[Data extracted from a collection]
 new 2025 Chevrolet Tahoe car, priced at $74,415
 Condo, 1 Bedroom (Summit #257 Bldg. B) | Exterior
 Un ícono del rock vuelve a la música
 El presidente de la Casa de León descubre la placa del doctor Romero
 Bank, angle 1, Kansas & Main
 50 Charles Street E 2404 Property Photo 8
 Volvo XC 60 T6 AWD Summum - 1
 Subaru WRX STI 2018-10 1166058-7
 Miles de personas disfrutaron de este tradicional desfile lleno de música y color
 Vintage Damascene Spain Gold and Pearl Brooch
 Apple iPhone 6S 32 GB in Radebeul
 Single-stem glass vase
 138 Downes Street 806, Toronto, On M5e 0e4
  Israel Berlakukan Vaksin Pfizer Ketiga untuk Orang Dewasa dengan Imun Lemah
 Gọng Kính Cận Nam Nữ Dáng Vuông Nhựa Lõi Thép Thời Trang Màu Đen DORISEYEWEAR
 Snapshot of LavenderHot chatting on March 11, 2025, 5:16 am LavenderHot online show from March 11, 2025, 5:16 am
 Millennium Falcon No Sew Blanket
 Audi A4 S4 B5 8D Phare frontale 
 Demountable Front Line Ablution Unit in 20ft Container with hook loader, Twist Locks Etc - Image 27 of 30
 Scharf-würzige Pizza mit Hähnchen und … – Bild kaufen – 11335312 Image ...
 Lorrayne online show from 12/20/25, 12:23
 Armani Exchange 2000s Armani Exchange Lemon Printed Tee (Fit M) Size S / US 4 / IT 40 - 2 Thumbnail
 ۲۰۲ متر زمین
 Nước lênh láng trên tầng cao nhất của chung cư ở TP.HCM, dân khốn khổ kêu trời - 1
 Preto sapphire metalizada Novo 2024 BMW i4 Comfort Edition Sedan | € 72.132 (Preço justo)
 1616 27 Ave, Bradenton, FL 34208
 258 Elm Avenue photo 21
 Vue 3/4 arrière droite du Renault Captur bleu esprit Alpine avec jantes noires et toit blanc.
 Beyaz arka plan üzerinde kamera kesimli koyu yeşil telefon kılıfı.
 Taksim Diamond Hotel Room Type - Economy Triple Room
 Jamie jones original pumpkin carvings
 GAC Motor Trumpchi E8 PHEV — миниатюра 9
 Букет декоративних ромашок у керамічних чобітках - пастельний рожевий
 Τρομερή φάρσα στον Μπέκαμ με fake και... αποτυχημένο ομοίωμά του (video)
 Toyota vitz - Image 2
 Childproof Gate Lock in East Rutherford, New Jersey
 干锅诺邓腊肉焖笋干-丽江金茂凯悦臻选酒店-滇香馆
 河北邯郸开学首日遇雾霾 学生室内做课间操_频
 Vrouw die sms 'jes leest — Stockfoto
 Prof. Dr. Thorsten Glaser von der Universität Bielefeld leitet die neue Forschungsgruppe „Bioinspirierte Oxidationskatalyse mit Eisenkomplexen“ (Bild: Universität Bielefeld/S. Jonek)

▸ WHAT THE TASK REQUIRES
Restating every entry above word for word is the whole task.

▸ RESPONSE TO THE EXERCISE
 new 2025 Chevrolet Tahoe car, priced at $74,415
 Condo, 1 Bedroom (Summit #257 Bldg. B) | Exterior
 Un ícono del rock vuelve a la música
 El presidente de la Casa de León descubre la placa del doctor Romero
 Bank, angle 1, Kansas & Main
 50 Charles Street E 2404 Property Photo 8
 Volvo XC 60 T6 AWD Summum - 1
 Subaru WRX STI 2018-10 1166058-7
 Miles de personas disfrutaron de este tradicional desfile lleno de música y color
 Vintage Damascene Spain Gold and Pearl Brooch
 Apple iPhone 6S 32 GB in Radebeul
 Single-stem glass vase
 138 Downes Street 806, Toronto, On M5e 0e4
  Israel Berlakukan Vaksin Pfizer Ketiga untuk Orang Dewasa dengan Imun Lemah
 Gọng Kính Cận Nam Nữ Dáng Vuông Nhựa Lõi Thép Thời Trang Màu Đen DORISEYEWEAR
 Snapshot of LavenderHot chatting on March 11, 2025, 5:16 am LavenderHot online show from March 11, 2025, 5:16 am
 Millennium Falcon No Sew Blanket
 Audi A4 S4 B5 8D Phare frontale 
 Demountable Front Line Ablution Unit in 20ft Container with hook loader, Twist Locks Etc - Image 27 of 30
 Scharf-würzige Pizza mit Hähnchen und … – Bild kaufen – 11335312 Image ...
 Lorrayne online show from 12/20/25, 12:23
 Armani Exchange 2000s Armani Exchange Lemon Printed Tee (Fit M) Size S / US 4 / IT 40 - 2 Thumbnail
 ۲۰۲ متر زمین
 Nước lênh láng trên tầng cao nhất của chung cư ở TP.HCM, dân khốn khổ kêu trời - 1
 Preto sapphire metalizada Novo 2024 BMW i4 Comfort Edition Sedan | € 72.132 (Preço justo)
 1616 27 Ave, Bradenton, FL 34208
 258 Elm Avenue photo 21
 Vue 3/4 arrière droite du Renault Captur bleu esprit Alpine avec jantes noires et toit blanc.
 Beyaz arka plan üzerinde kamera kesimli koyu yeşil telefon kılıfı.
 Taksim Diamond Hotel Room Type - Economy Triple Room
 Jamie jones original pumpkin carvings
 GAC Motor Trumpchi E8 PHEV — миниатюра 9
 Букет декоративних ромашок у керамічних чобітках - пастельний рожевий
 Τρομερή φάρσα στον Μπέκαμ με fake και... αποτυχημένο ομοίωμά του (video)
 Toyota vitz - Image 2
 Childproof Gate Lock in East Rutherford, New Jersey
 干锅诺邓腊肉焖笋干-丽江金茂凯悦臻选酒店-滇香馆
 河北邯郸开学首日遇雾霾 学生室内做课间操_频
 Vrouw die sms 'jes leest — Stockfoto
 Prof. Dr. Thorsten Glaser von der Universität Bielefeld leitet die neue Forschungsgruppe „Bioinspirierte Oxidationskatalyse mit Eisenkomplexen“ (Bild: Universität Bielefeld/S. Jonek)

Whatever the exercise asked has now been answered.